WHAT IS REQUIRED: Nothing but the lines from the one with "9 Pints patungong" through the end of the data should be set down, each exactly as written, and no picture should be included.

RECORDED DATA:

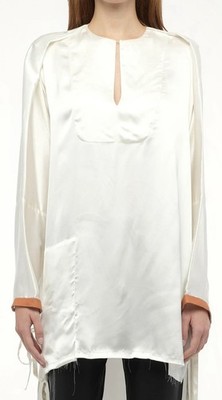 Loewe Oversize-Damenbluse weiß Seide lang hinten Oberteil Größe M UVP 1050 £ neu mit Etikett
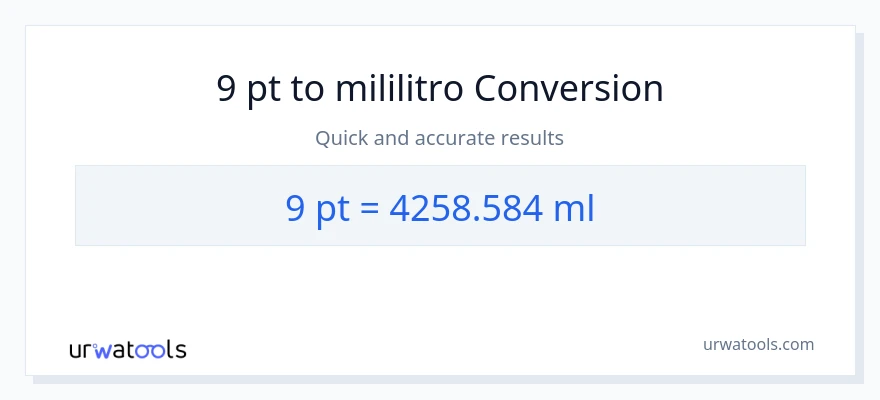 9 Pints patungong mga mililitro na conversion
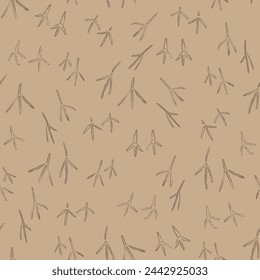 bird tracks seamless pattern. Background with bird tracks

ANSWER TO THE PROBLEM:
 9 Pints patungong mga mililitro na conversion
 bird tracks seamless pattern. Background with bird tracks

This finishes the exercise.